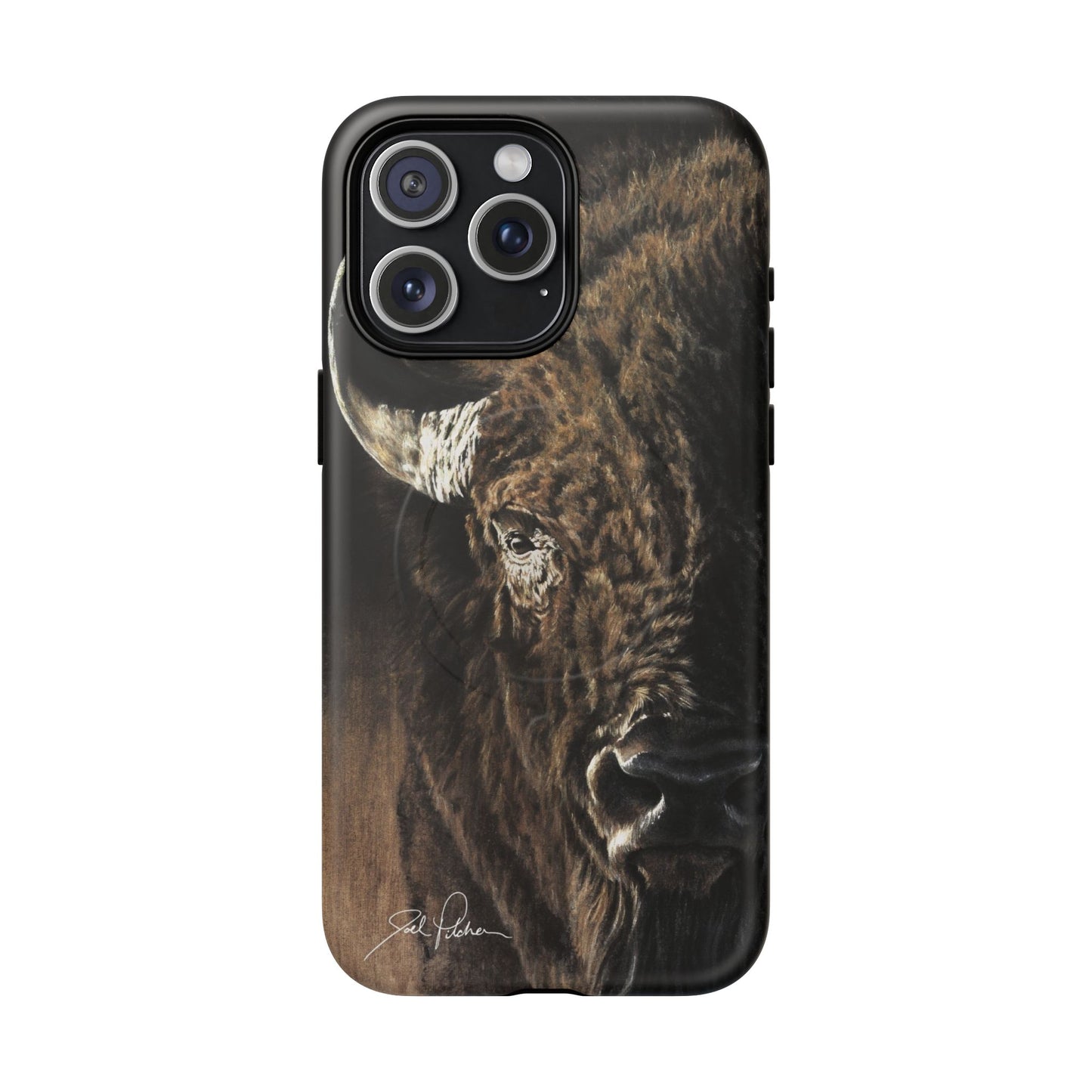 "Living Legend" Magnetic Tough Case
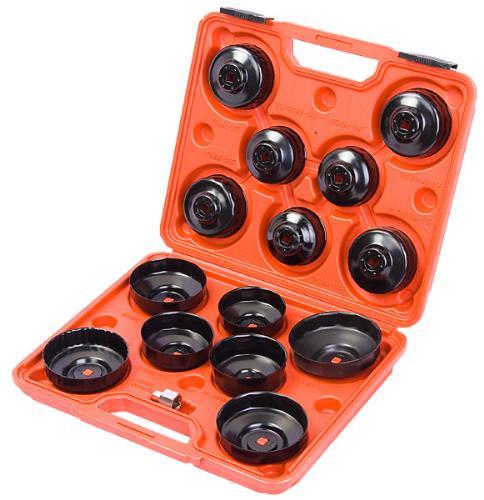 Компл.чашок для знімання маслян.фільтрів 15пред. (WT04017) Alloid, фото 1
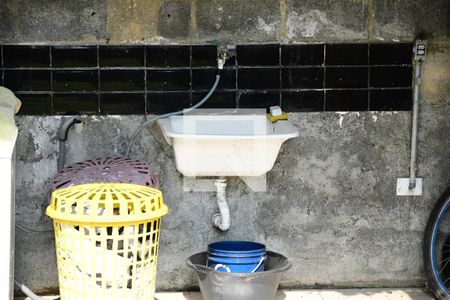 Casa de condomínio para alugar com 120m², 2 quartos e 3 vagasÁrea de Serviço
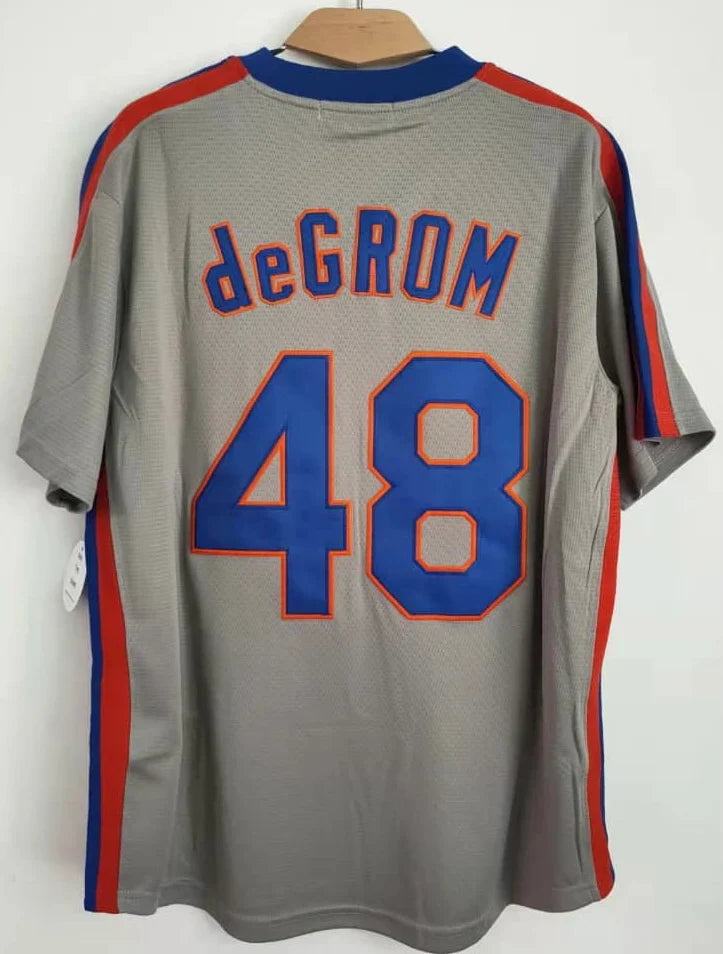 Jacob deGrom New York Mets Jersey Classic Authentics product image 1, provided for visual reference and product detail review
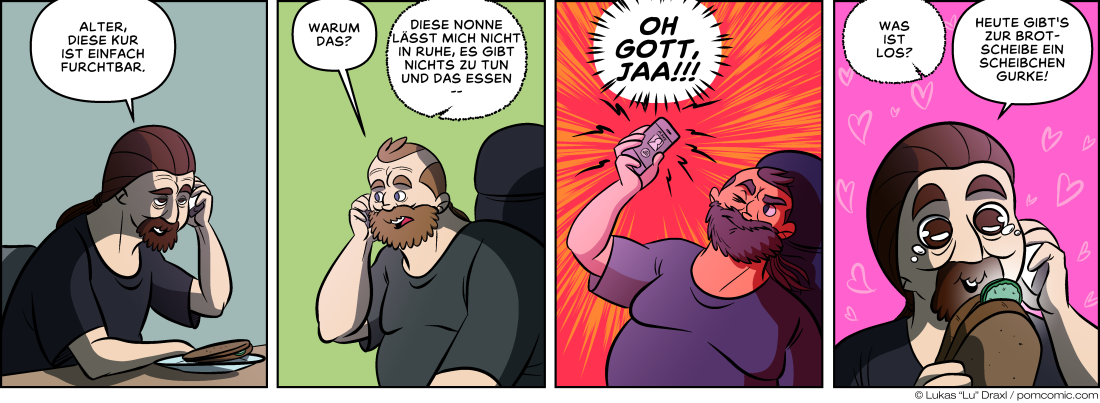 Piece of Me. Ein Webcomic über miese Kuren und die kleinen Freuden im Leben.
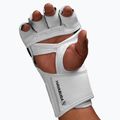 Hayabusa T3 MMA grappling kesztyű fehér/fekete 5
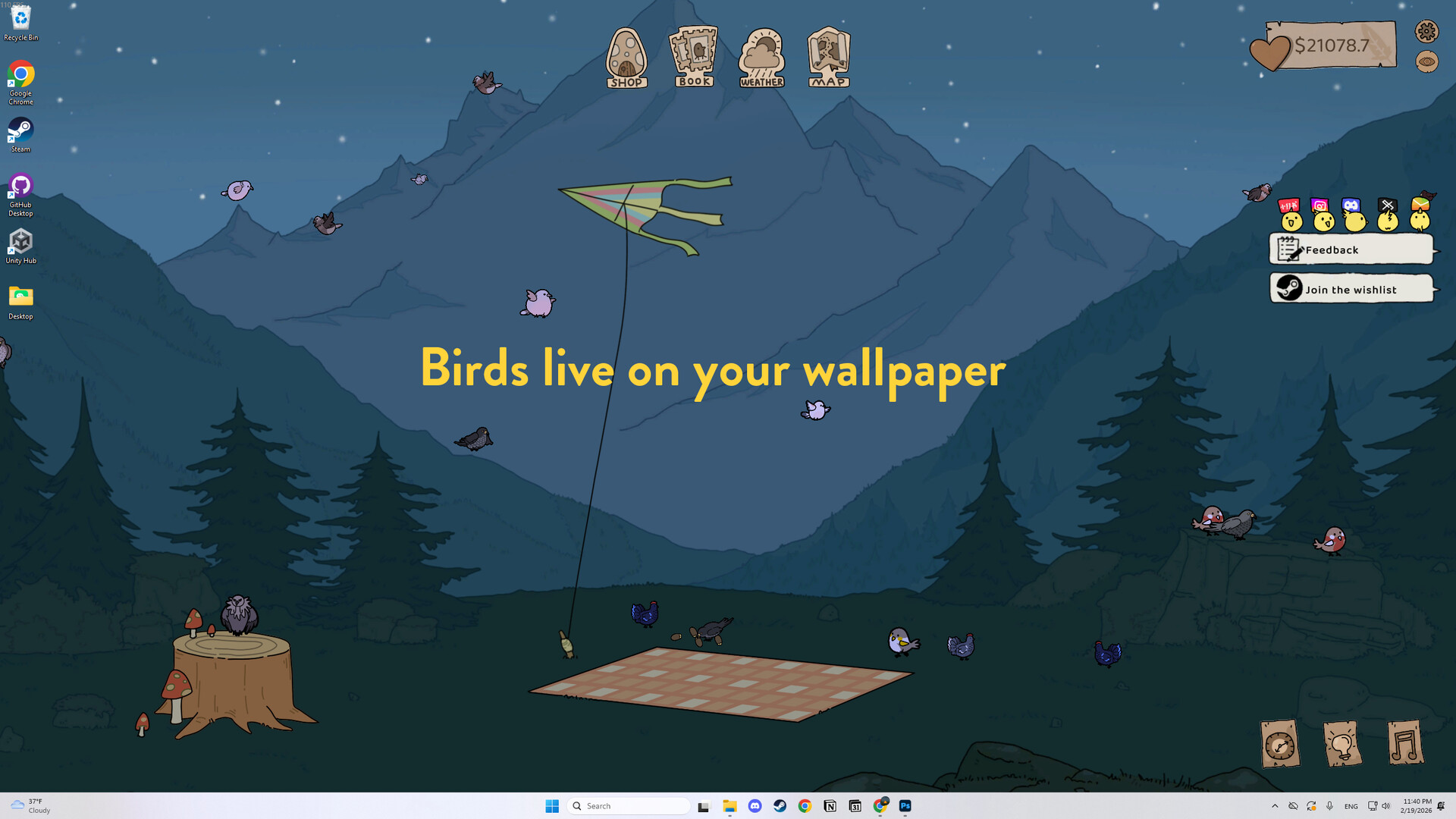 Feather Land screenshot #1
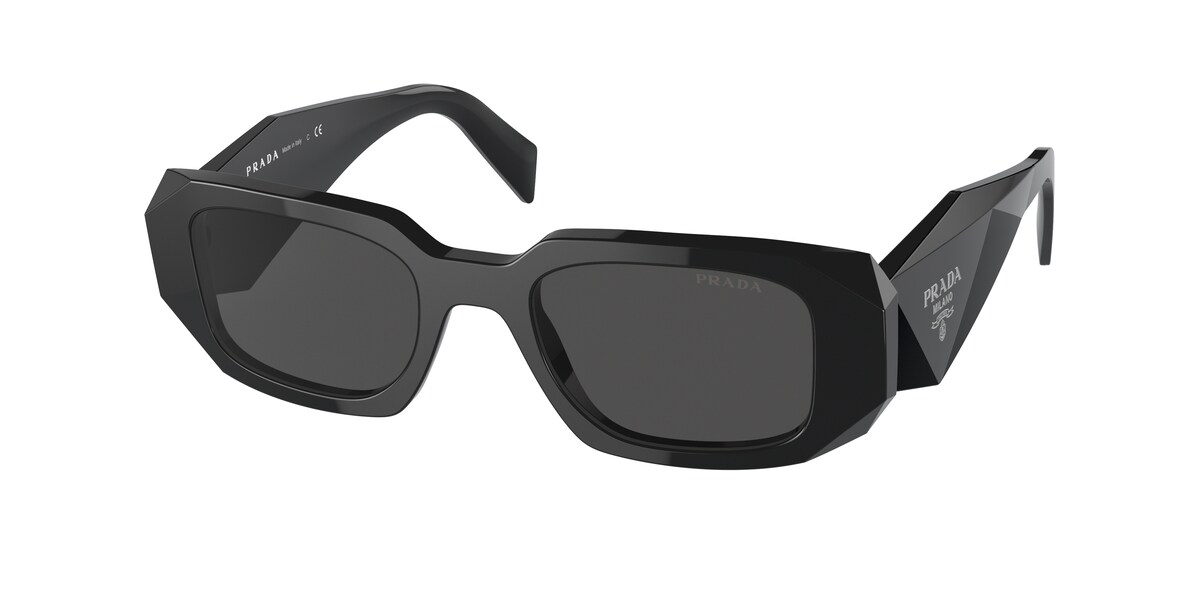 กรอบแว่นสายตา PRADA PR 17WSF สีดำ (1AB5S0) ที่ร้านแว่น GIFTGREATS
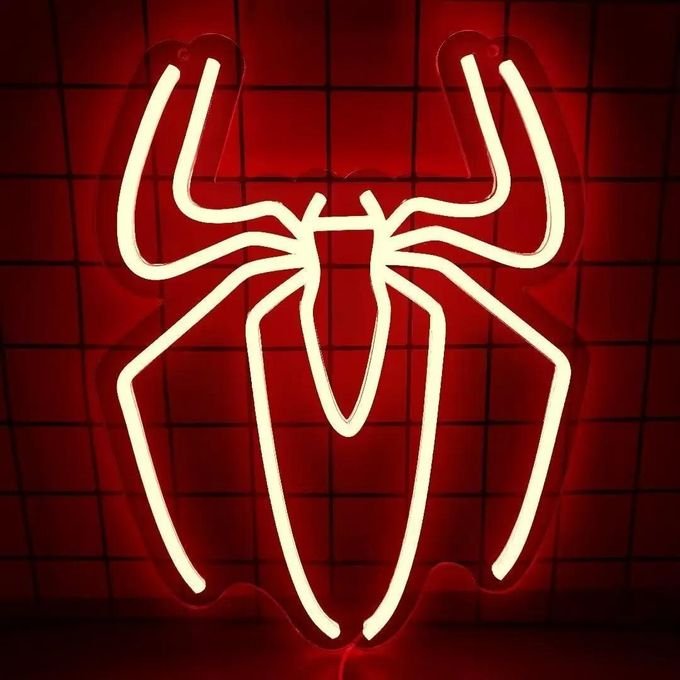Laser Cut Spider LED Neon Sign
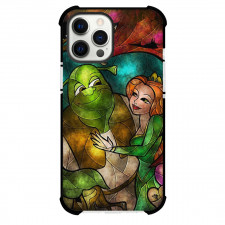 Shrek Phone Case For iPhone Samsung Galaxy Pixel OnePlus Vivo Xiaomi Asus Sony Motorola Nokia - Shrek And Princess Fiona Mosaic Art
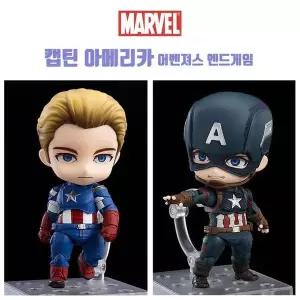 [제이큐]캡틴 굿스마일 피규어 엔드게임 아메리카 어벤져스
┄┄┄┄┄┄┄┄┄┄┄┄┄┄┄┄┄┄┄┄
### Task
With the pictures removed, the entries above should be transcribed exactly.

### Task response
 "Living Legend" Magnetic Tough Case
 Компл.чашок для знімання маслян.фільтрів 15пред. (WT04017) Alloid, фото 1
 Casa de condomínio para alugar com 120m², 2 quartos e 3 vagasÁrea de Serviço
 Jacob deGrom New York Mets Jersey Classic Authentics product image 1, provided for visual reference and product detail review
 Piece of Me. Ein Webcomic über miese Kuren und die kleinen Freuden im Leben.
 Hayabusa T3 MMA grappling kesztyű fehér/fekete 5
 Feather Land screenshot #1
 กรอบแว่นสายตา PRADA PR 17WSF สีดำ (1AB5S0) ที่ร้านแว่น GIFTGREATS
Laser Cut Spider LED Neon Sign
 Shrek Phone Case For iPhone Samsung Galaxy Pixel OnePlus Vivo Xiaomi Asus Sony Motorola Nokia - Shrek And Princess Fiona Mosaic Art
 [제이큐]캡틴 굿스마일 피규어 엔드게임 아메리카 어벤져스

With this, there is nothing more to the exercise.